There has been concern about the interaction between vitamin B₁₂ and folic acid.^[13]Folic acid supplements can correct the anemia associated with vitamin B₁₂ deficiency. Unfortunately, folic acid will not correct changes in the nervous system that result from vitamin B₁₂ deficiency. Permanent nerve damage could theoretically occur if vitamin B₁₂ deficiency is not treated. Therefore, intake of supplemental folic acid should not exceed 1000 micrograms (1000 mcg or 1 mg) per day to prevent folic acid from masking symptoms of vitamin B₁₂ deficiency. In fact, to date the evidence that such masking actually occurs is scarce, and there is no evidence that folic acid fortification in Canada or the US has increased the prevalence of vitamin B₁₂ deficiency or its consequences.

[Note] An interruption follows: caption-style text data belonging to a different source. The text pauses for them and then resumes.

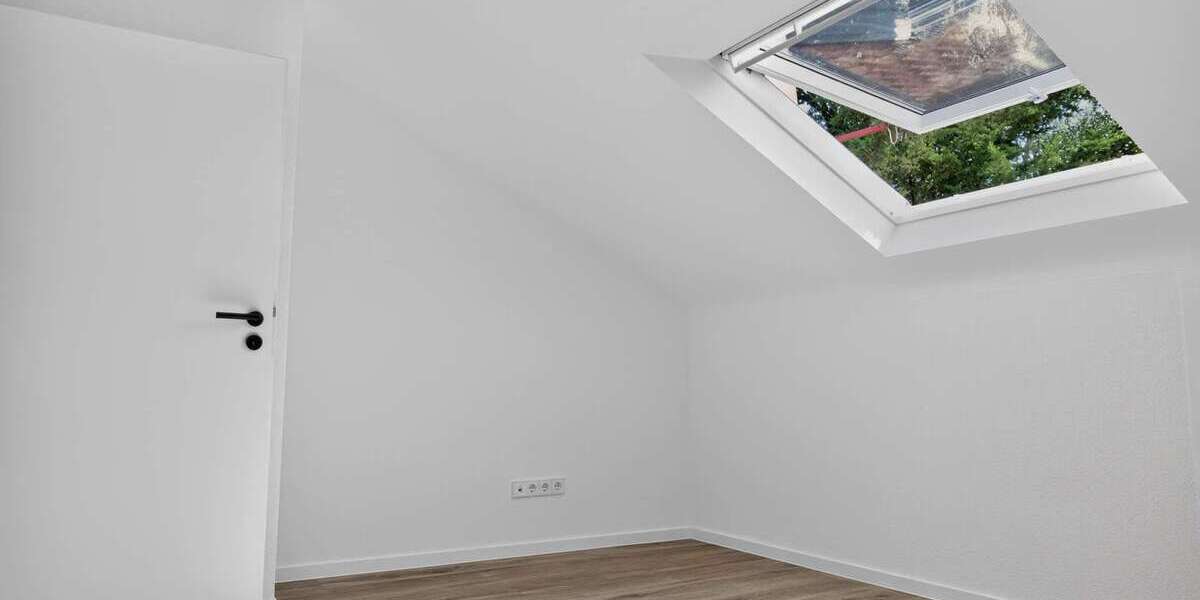 Erstbezug nach Kernsanierung – Moderne 3-Zimmer-Dachgeschosswohnung mit EBK & Fußbodenheizung - Dachgeschoßwohnung Kornwestheim | Angebot:27190944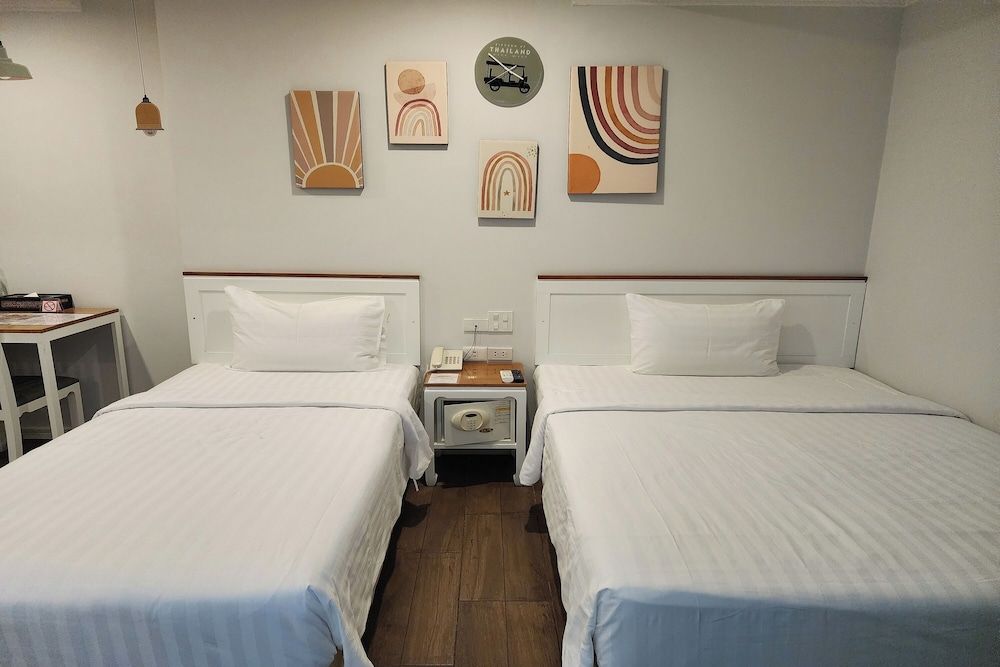 J Place Hotel Standard Room 4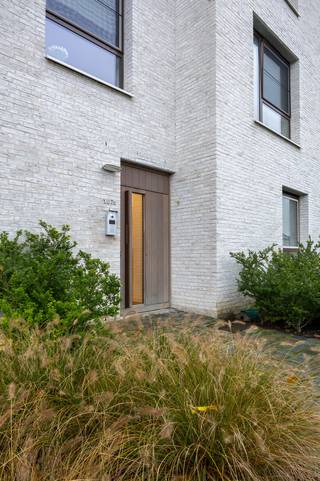 <p><strong>ENKEL BEZOEKEN MOGELIJK DOOR ONDERSTAANDE LINK VOLLEDIG EN CORRECT IN TE VULLEN: https://mijnhuurprofiel.be/property/88e3e234-b858-48e3-96a4-e5381f71b017/login<br /><br />TE HUUR: Recent &amp; energiezuinig appartement (EPC A) met 2 slaapkamers in het unieke Park Hooghuys</strong></p>
<p><strong>Ligging</strong><br />In Park <em>Hooghuys</em> woon je in een uitzonderlijk groene en rustige omgeving, midden in de historische parktuin van het Hooghuys met kasteel en vijver. Op wandelafstand vind je zowel het centrum van Herenthout als de Merodese Bossen. Steek je de straat over, dan sta je meteen tussen de velden. Daarnaast geniet je van een uitstekende bereikbaarheid richting de omliggende gemeenten en de E313.</p>
<p><strong>Beschrijving<br /><br /></strong><br />Dit recent appartement van 82 m² biedt een aangename en praktische indeling. Vanuit de inkomhal bereik je alle ruimtes. De twee slaapkamers zijn optimaal ingedeeld en genieten van een rustige ligging.</p>
<p>De moderne badkamer is uitgerust met een inloopdouche en een dubbele wastafel met meubel. Verder is er een aparte berging met aansluitingen voor wasmachine en droogkast en een afzonderlijk toilet.</p>
<p>Achteraan bevindt zich de lichtrijke leefruimte met open, volledig uitgeruste keuken (koelkast, combi-oven, inductiekookplaat, dampkap en vaatwasser). Dankzij het grote schuifraam geniet je van directe toegang tot het zuidgericht terras met zicht op het groene domein.</p>
<p><strong>Extra troeven </strong></p>
<ul>
<li>
<p>EPC A – energiezuinig wonen</p>
</li>
<li>
<p>Zuidgericht terras</p>
</li>
<li>
<p>Privatieve berging in de ondergrondse garage inbegrepen</p>
</li>
<li>
<p>Optionele autostaanplaats in de garage: €50/maand</p>
</li>
<li>
<p>Maandelijkse kosten: €95</p>
</li>
<li>
<p>Gelegen in een uniek, groen en historisch domein</p>
</li>
</ul>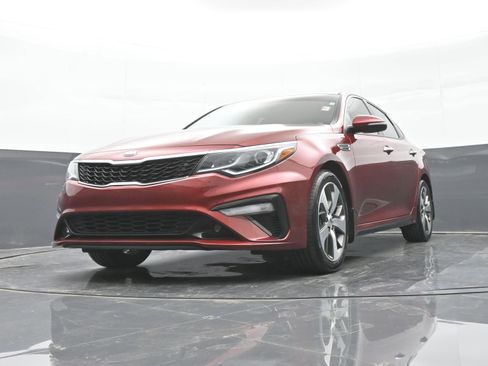 Used 2019 Kia Optima S image 40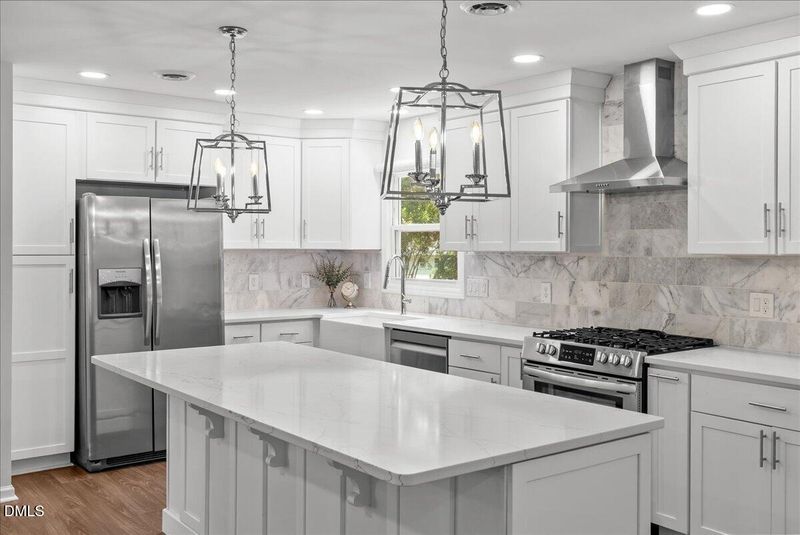 440 Rosehaven Dr, Raleigh, NC 27609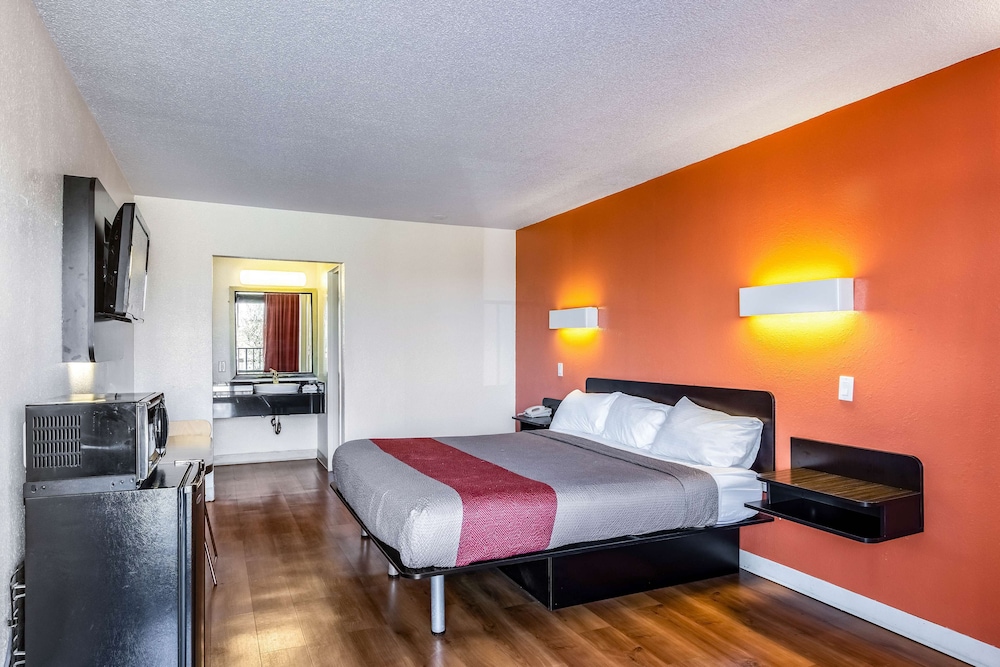 Motel6 Little Rock, AR - West photo5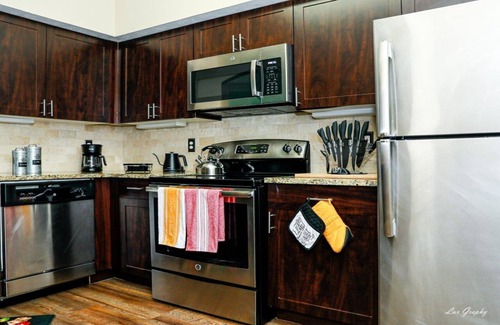 Lindbergh Apartamento | Lavish 5 Star Unit☆☆☆☆☆Heart of Buckhead!!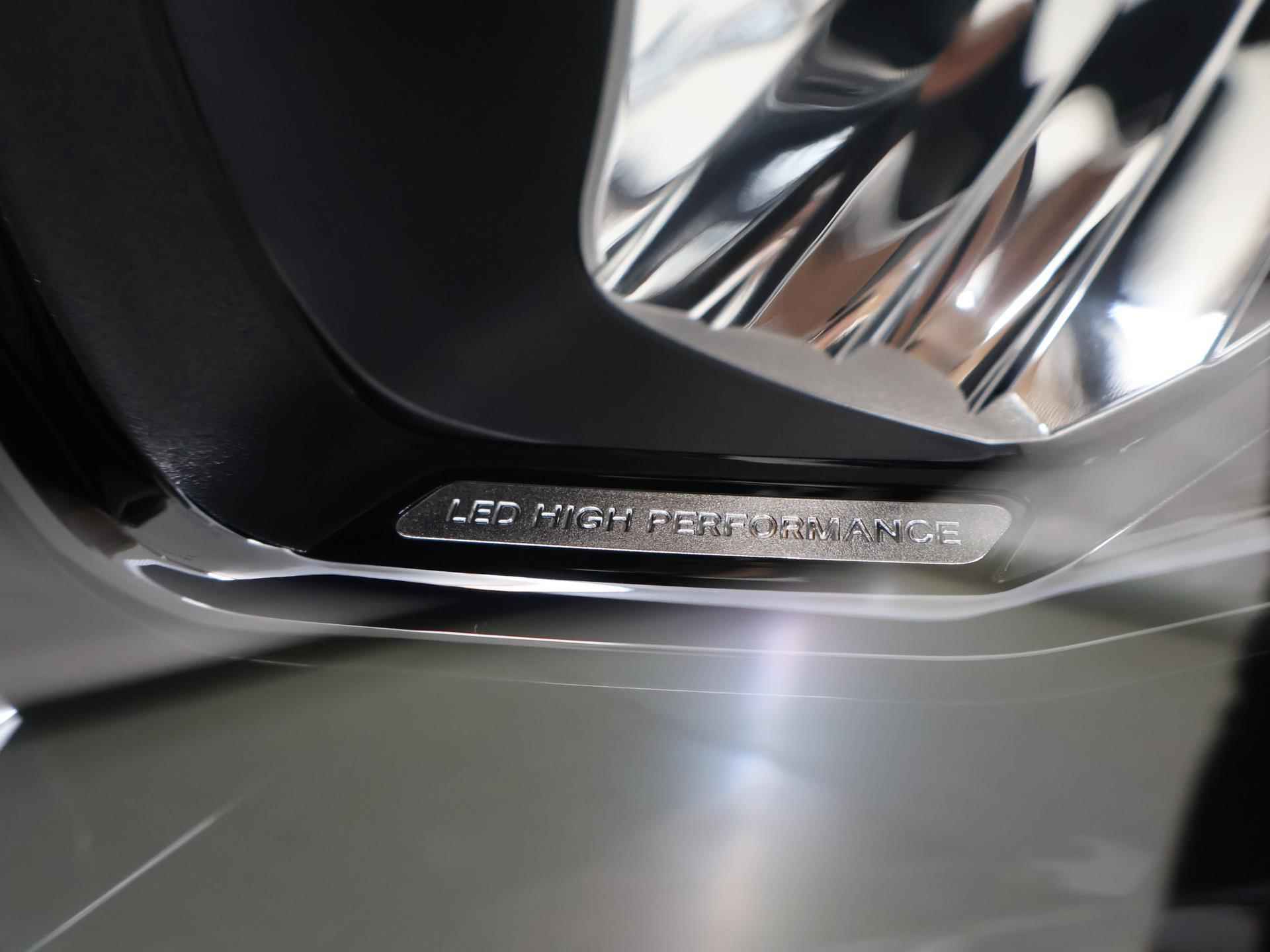 Mercedes-Benz EQA 250 Sport Edition 67 kWh | Panoramadak | sfeerverlichting | Keyless entry | elektrische acherklep | Dodehoekassistent - 40/43
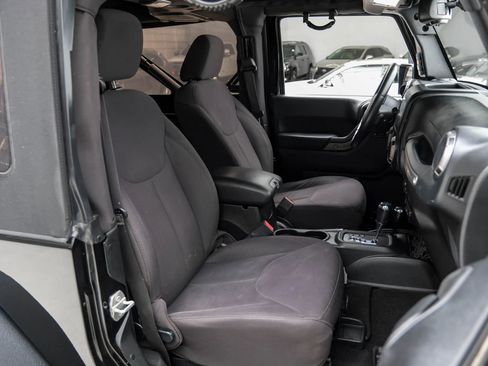 Used 2015 Jeep Wrangler Sport image 23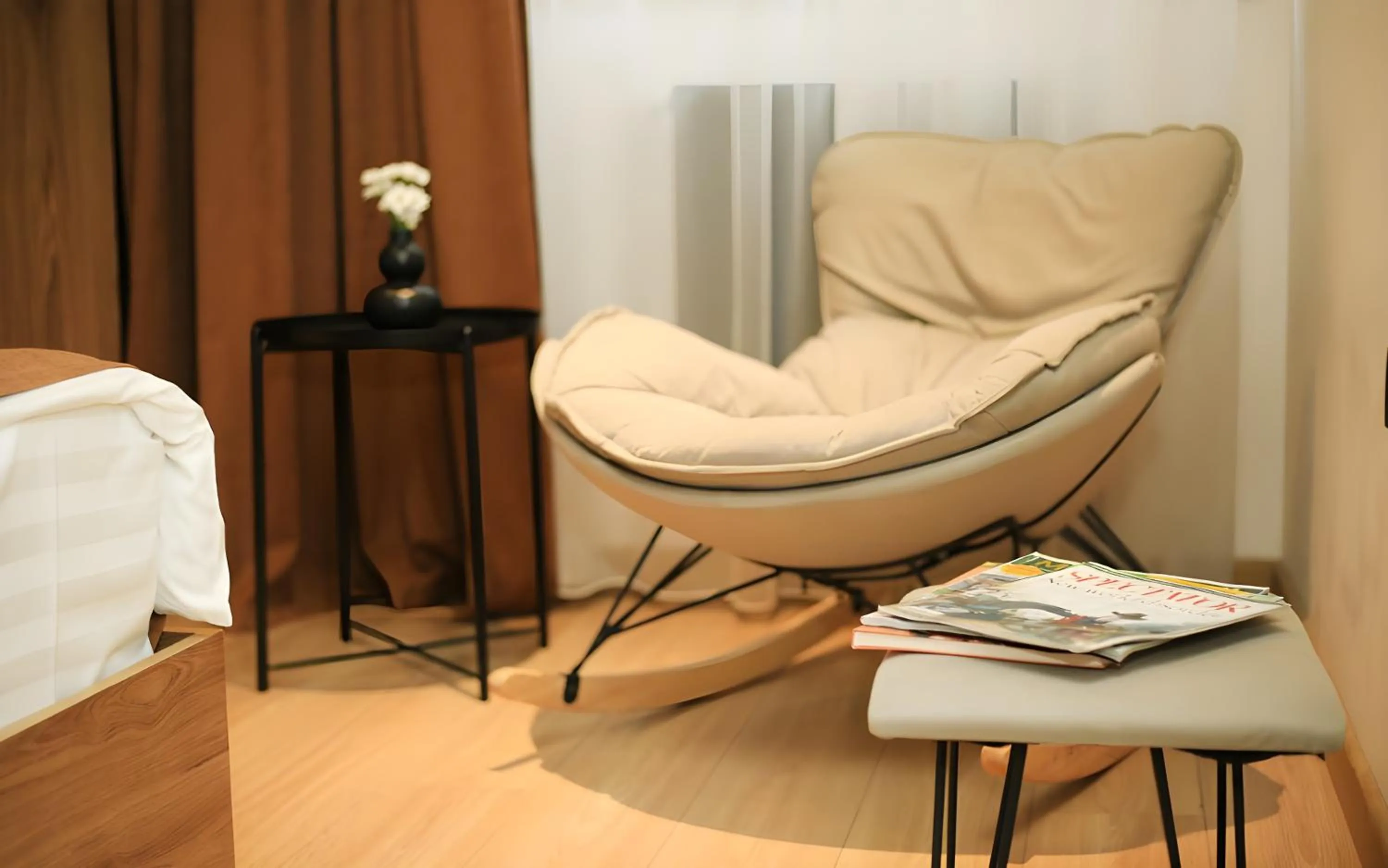 Seating area in Rooms Apart Hotel by RED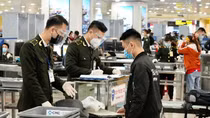 Chưa nguội vụ tạo dáng, nhảy múa, lại đến khách mang dao lên máy bay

However one recent study has demonstrated that high folic or folate levels when combined with low B₁₂ levels are associated with significant cognitive impairment among the elderly.^[15] If the observed relationship for seniors between folic acid intake, B₁₂ levels, and cognitive impairment is replicated and confirmed, this is likely to re-open the debate on folic acid fortification in food, even though public health policies tend generally to support the developmental needs of infants and children over slight risks to other population groups.

In any case, it is important for older adults to be aware of the relationship between folic acid and vitamin B₁₂ because they are at greater risk of having a vitamin B₁₂ deficiency. If you are 50 years of age or older, ask your physician to check your B₁₂ status before you take a supplement that contains folic acid.